LIDAR-IN-A-BOX: SERVING LIDAR DATASETS VIA COMMODITY CLUSTERS
GEON provides a novel approach for processing and distributing LiDAR datasets and derived products using a high performance backend database machine, a portal as the front-end user interface, and the Kepler scientific workflow system for managing the computations. Currently, the LiDAR datasets are stored in an IBM DB2 database running on one of the nodes of DataStar - an IBM supercomputer system that is one of the computational resources in the TeraGrid. This node is linked to a large disk subsystem via a high-end fibre channel link. This machine configuration is well suited to handle the massive amounts of LiDAR data, which frequently exceed several millions of data points per dataset.
We propose a new approach to hosting LiDAR data based on commodity clusters, which can provide a better price/performance solution.
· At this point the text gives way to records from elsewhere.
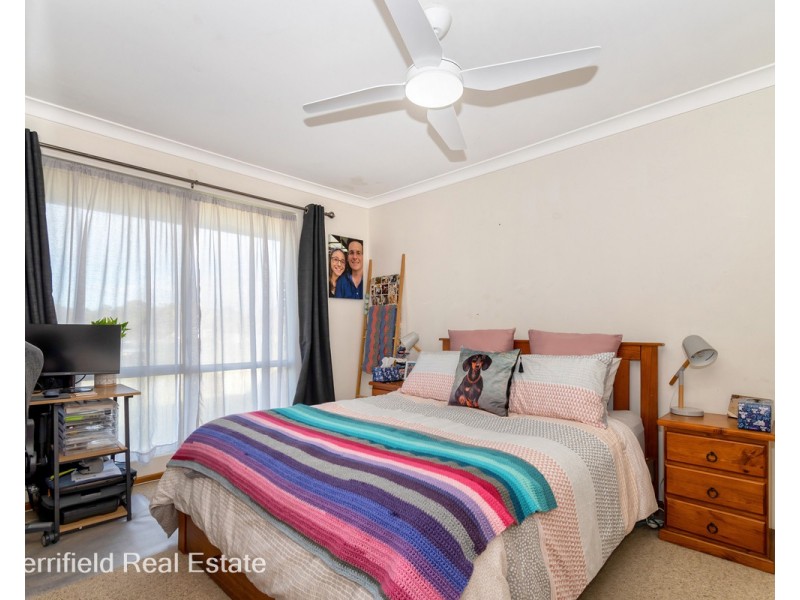 5 Sierra Crescent, Orana WA 6330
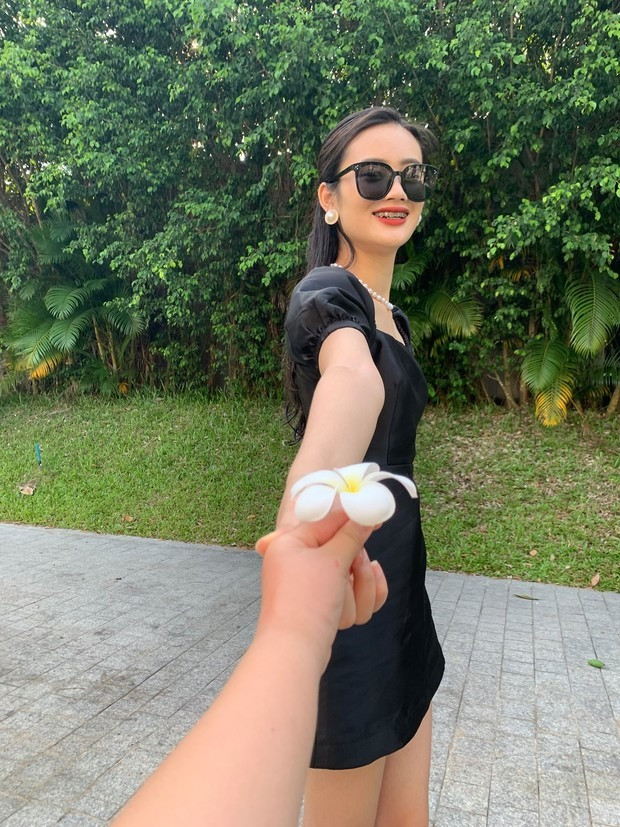 Trang cá nhân của nàng hậu có nhiều khoảnh khắc lãng mạn bên nửa kia.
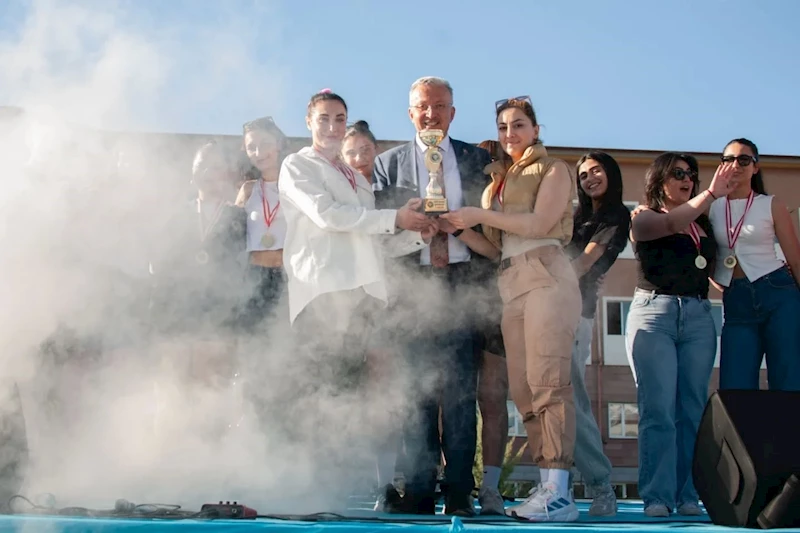Bahar Şenlikleri spor müsabakalarıyla coştu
This is achieved by taking advantage of DB2's "partitioned database" feature. In this approach, the LIDAR database tables would be partitioned across multiple machines or "nodes". Each partition is managed by an independent database manager, each with its own data, configuration files, indexes, and transaction logs. This architecture provides better scalabilitynew machines can be added to the complex and the database can be expanded across them. In this paper, we describe this new, parallel database architecture for hosting LiDAR data. We refer to this system as the "LiDAR in the Box" since one of the benefits of this approach is that individual researchers will be able to deploy such a system at their sites. We will describe the approach that will be used to make the LiDAR-in-a-Box easily deployable.